Julinho ainda permaneceu no lar Menino Deus por três dias que ele aproveitou muito ao lado de Mia, e contemplar o por do sol á sombra do carvalhinho solitário. Quando chegou a despedida, o sol estava brilhante e os dois se abraçaram, saudosos, mas dona Carolina prometeu que levaria o menino para visitar o orfanato todos os fins de semana.


-Julinho, você já está pronto? É hora de partir!


-Até logo Tia Noemi!


-Até logo, e se cuide, menino!- Mia observava atenta para o momento em que ele acenou para todos os antigos coleguinhas e ela parecia estar forte. Mas ela não aguentou a ideia de que o amiguinho não estaria junto dela e saiu correndo atrás do carro. Julinho abriu a janela do carro e gritou:


-Até logo Mia, até todo dia!


-Até toda hora...Até todo o tempo...                                                                                                                                                                                                                                           

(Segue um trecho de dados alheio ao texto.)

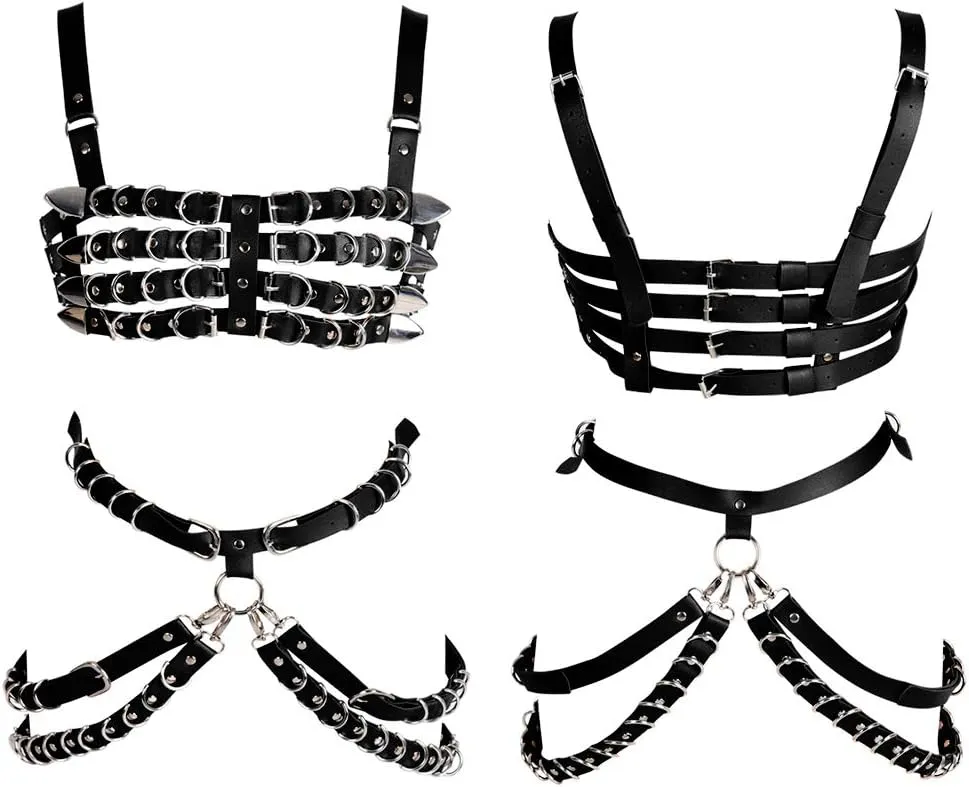Women's Leather Body Harness Bra Garter Belt Set Punk Gothic Dance Carnival Costume Accessories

Mia ficara só, observando o carro da Família Henson partindo com seu mais novo integrante, enquanto Julinho olhava para ela, sonhando com o dia em que iria busca-la. Carregava o botãozinho, nunca iria esquecer. A menina subiu até o quarto e ficou observando a lembrança de sua promessa feita e pela janela, avistava o carvalhinho que iria ficar mais solitário do que antes. Ela estava com a esperança de que cresceria logo e seria feliz ao lado do menino... Como o amor é capaz de transformar nossas vidas, desde a infância!